I’ve been slacking on posting to this blog for a few days — sorry for the lack of updates!
This past week, we’ve been putting our efforts on getting data to the consortium that is different in some way or another. These included the SAS stacks, the STS stacks, which were not defined for the nightly stacking process and were needed for the SAS diff/magic/release process, the STS ‘uncorrected’ data, a couple of Sweetspot data sets needed by MOPS, and the Run5b data (M31 + extra data for Paul Sydney to spot-check). We decided on Tuesday to block the nightly science to ensure all of these other data sets finished. They all finished by this morning, so we have turned back on the nightly science processing. With bad weather last night (only 7 images!) and part of Wednesday night, we only have about 650 images to get through. It looks like the next couple of nights will have poor weather as well, so we should easily catch up…

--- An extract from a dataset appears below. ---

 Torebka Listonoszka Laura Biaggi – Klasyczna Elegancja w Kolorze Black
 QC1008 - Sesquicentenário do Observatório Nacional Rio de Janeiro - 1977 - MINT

We had an interesting glitch over the weekend, and by ‘interesting’ I mean ‘annoying’. One of our machines (ipp014) got itself into a confused state where we could not login or ssh in, but nfs seemed to respond. other machines could write to its disk, and it would claim to accept the data, but no file would actually be created. The result was what we call a Nebulous ‘widow’ — the nebulous database claimed there was a file, but the filesystem did not have it. It turned out that ipp014 claimed to have had a kernel panic before this started (usually that results in a full-on crash and nfs blocks). The jobs that got caught in this trap correctly reported that they failed, but it caused a number of headaches, mostly because our code has assumptions that Nebulous widows could not exist. In the end, this failure forced us to address this type of problem, so there was some side benefit.
Related to, or partly inspired by, the ipp014 problem, Bill Sweeney investigated some of our NFS set parameters and made a very important improvement. We have long had a problem with jobs failing occasionally because of NFS timeouts. This gets particularly bad when the load is very high. We have a whole set of tasks to re-try jobs to handle these kinds of failures — because they are ephemeral, re-running the job usually succeed. As a nasty side effect, when we have real errors in some job, that job will revert over and over until we notice it.
Bill discovered that our NFS configurations were tuned oddly to timeout much too quickly — 12 seconds instead of the default of 180 seconds. We adjust the timeouts back up to a more sensible value on Thursday, and since then we have had a lot fewer of the NFS glitch errors. This is really good news, because it was causing at least 10% extra work on the cluster, and a lot of other headaches.